For nearly a year, the IRC together with local partners have been providing cash, protection, legal aid and emergency items to displaced people and families living close to the frontlines. Across Europe and in the US we are working to support those fleeing the violence and seeking to rebuild their lives. We are committed to staying and delivering for all conflict-affected people as long as needed, and we encourage international donors to continue to provide essential funding to support the humanitarian response inside Ukraine and across the region. 

Marysia Zapasnik, IRC’s Country Director, said:

“One year since the war escalated, our survey demonstrates the devastating impact the conflict has had on the people of Ukraine. With the country experiencing a bitterly cold winter, 27% of the people we spoke to told us they didn’t have sufficient heating. 93% said they could not meet their basic needs. What families need right now is protection, safety and warmth, access to humanitarian assistance to survive today and economic support to allow them to rebuild their lives tomorrow.

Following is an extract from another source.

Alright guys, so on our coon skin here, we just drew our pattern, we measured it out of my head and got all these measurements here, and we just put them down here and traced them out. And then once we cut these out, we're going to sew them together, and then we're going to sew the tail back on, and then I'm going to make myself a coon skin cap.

“To date, the IRC together with our local partners has reached over half a million people with critical humanitarian assistance. We are providing support directly to the displaced families, so that they can buy food and children’s clothing, and pay their bills. We are working with the older people who are unable to reach medical facilities, and those who are struggling to heat their homes. Our teams also strive to address the less visible, but no less damaging, psychological impacts of the war by assisting women and children to cope with acute anxiety, stress and trauma. 

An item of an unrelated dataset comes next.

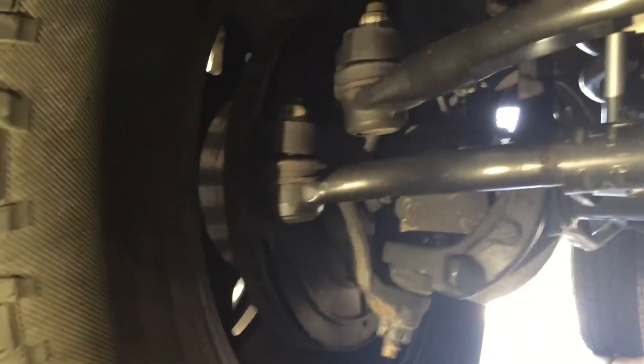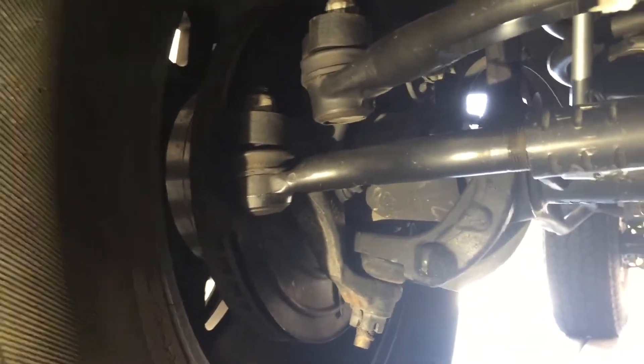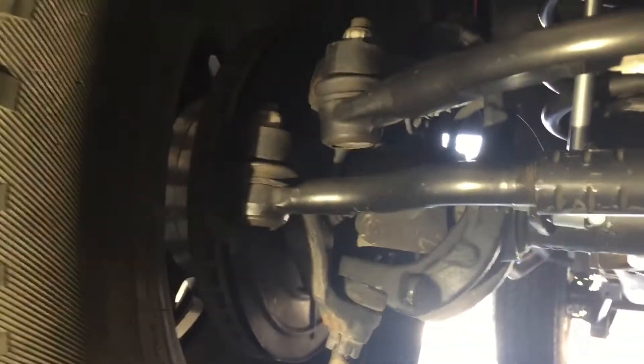Here's an easy way to figure out if your tie rod is bad. Basically, just grab on to it. If you can hear that clunky noise, it's time to replace it — it means that the tie rod ends are bad.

“But we cannot stop here. One year on, the world must not forget Ukraine. It is vital that donors sustain the humanitarian efforts to support the people in need in Ukraine  - and those displaced beyond its borders.”


Notes to editors:


The IRC has been responding to humanitarian crises in Europe since 2015, where we launched an emergency response to the peak in migration in Greece and relaunched operations in Serbia. The IRC started responding to the war in Ukraine in February 2022, working directly and with local partners to reach those most in need. In Ukraine, we are focusing our response in the conflict-affected areas in the east and southeast. We are distributing essential non-food items, providing cash assistance to the most vulnerable households, improving access to health care, and providing a variety of tailor-made protection services, including safe spaces for women and children. Our emergency programmes are also active on the ground in Poland and Moldova. Working along the entire arc of the crisis, we are running activities targeting Ukrainian refugees in Romania, Hungary, Slovakia, Czechia and Bulgaria, as well as in Germany, Italy, Greece and the UK.